Matthew Tilt

Personal information
- Full name: Matthew Arthur Tilt
- Born: 25 July 1981 (age 45) Shrewsbury, Shropshire, England
- Batting: Right-handed
- Role: Wicket-keeper

Domestic team information
- 1999–2011: Shropshire

Career statistics
| Competition | List A |
| Matches | 7 |
| Runs scored | 4 |
| Batting average | 1.33 |
| 100s/50s | –/– |
| Top score | 3 |
| Catches/stumpings | 8/4 |
- Source: Cricinfo, 2 July 2011

= Matthew Tilt =

English cricketer (born 1981)

Matthew Arthur Tilt (born 25 July 1981) is an English former cricketer.
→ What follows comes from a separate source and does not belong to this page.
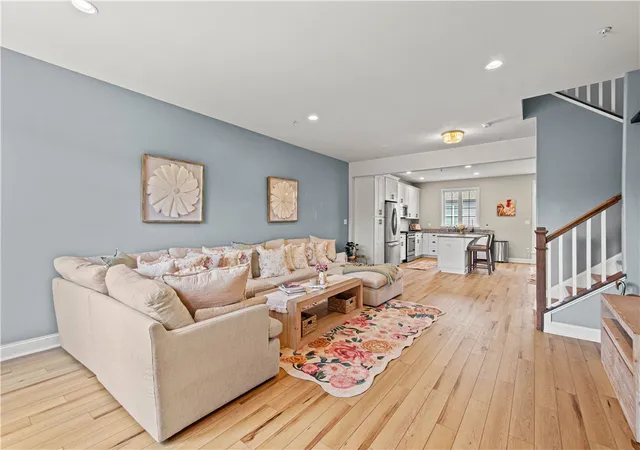 Photo 5 of Townhouse for sale at 1408 Hastings Crescent, South Fayette, PA 15017 | MLS# 1767884 | Listing updated on 2026-08-30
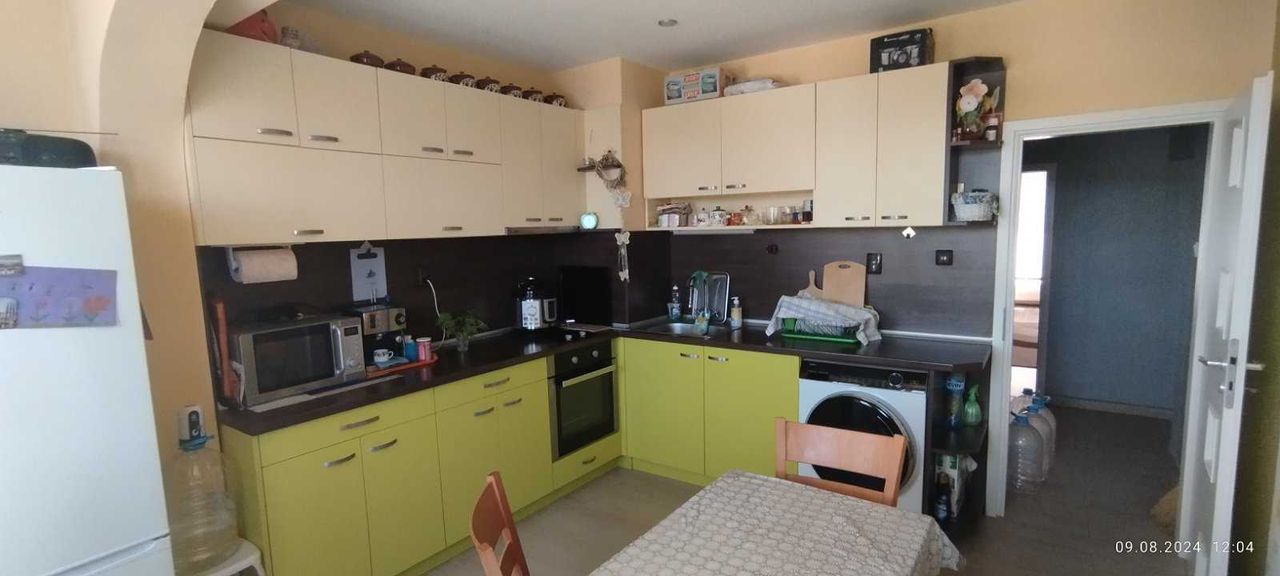 Продава се Тристаен апартамент в Перник, Изток - 94 кв.м за 1140 €/кв.м - Снимка #16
Tilt is a right-handed batsman who fields as a wicket-keeper. He was born in Shrewsbury, Shropshire.

Tilt made his debut for Shropshire in the 1999 Minor Counties Championship against Devon. Tilt played Minor counties cricket for Shropshire from 1999 to present, which has included 53 Minor Counties Championship appearances and 29 MCCA Knockout Trophy appearances. He made his List A debut against Ireland in the 2000 NatWest Trophy. He made 6 further List A appearances, the last of which came against Hampshire in the 2005 Cheltenham & Gloucester Trophy. In his 7 List A matches, he scored 4 runs at an average of 1.33, with a high score of 3. Behind the stumps he took 8 catches and made 4 stumpings.